The Insight (Rule of Thumb)
- Rule 1 - Use FSDP2: FSDP1 is deprecated in Axolotl. Always use `fsdp_version: 2` for better performance and compatibility.
- Rule 2 - Optimizer Compatibility: With FSDP2, do NOT use `adamw_8bit` or `adamw_bnb_8bit` optimizers (CUDA ops errors). Use `adamw_torch_8bit` instead.
- Rule 3 - QLoRA Checkpoint Type: For QLoRA with FSDP, use `SHARDED_STATE_DICT` for checkpointing to avoid memory spikes during saving.
- Rule 4 - CPU Offloading: Enable `fsdp_offload_params: true` for models that exceed aggregate GPU memory. Trades training speed for memory capacity.
- Rule 5 - Activation Checkpointing: Use `fsdp_activation_checkpointing: true` to reduce activation memory. Compatible with FSDP parameter sharding.
- Rule 6 - Weight Consolidation: Sharded FSDP checkpoints require post-training consolidation via `axolotl merge-sharded-fsdp-weights` before the model can be used for inference.
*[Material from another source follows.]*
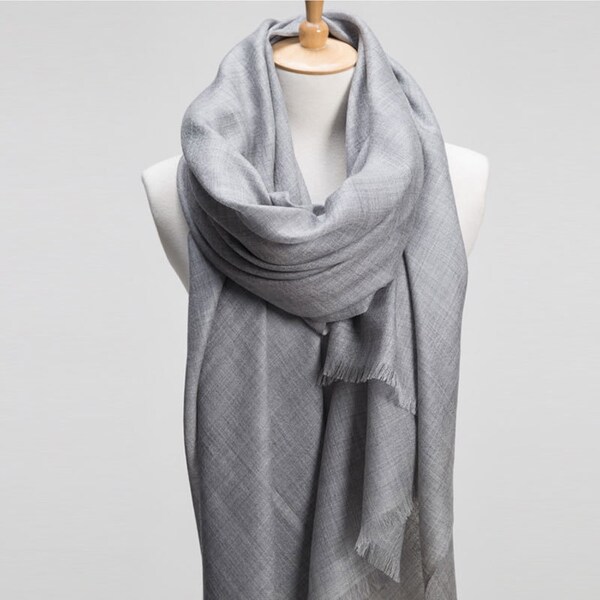 Large Fringed Scarf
- Trade-off: FSDP2 provides better memory efficiency and performance than FSDP1, but requires more careful optimizer selection. CPU offloading significantly slows training but allows fitting much larger models.
Reasoning
FSDP2 uses PyTorch's native `torch.distributed.fsdp2` which has better integration with `torch.compile`, more efficient parameter gathering, and improved checkpoint handling compared to the legacy FSDP1 wrapper. The `adamw_bnb_8bit` optimizer incompatibility with FSDP2 stems from bitsandbytes CUDA operations not being compatible with the distributed tensor operations in FSDP2's parameter management, while `adamw_torch_8bit` uses PyTorch-native 8-bit operations that work correctly with distributed tensors.
Code Evidence
FSDP1 deprecation notice from `src/axolotl/utils/schemas/validation.py:859-868`:
@model_validator(mode="before")
@classmethod
def check_fsdp_version(cls, data):
fsdp_config = data.get("fsdp_config", {})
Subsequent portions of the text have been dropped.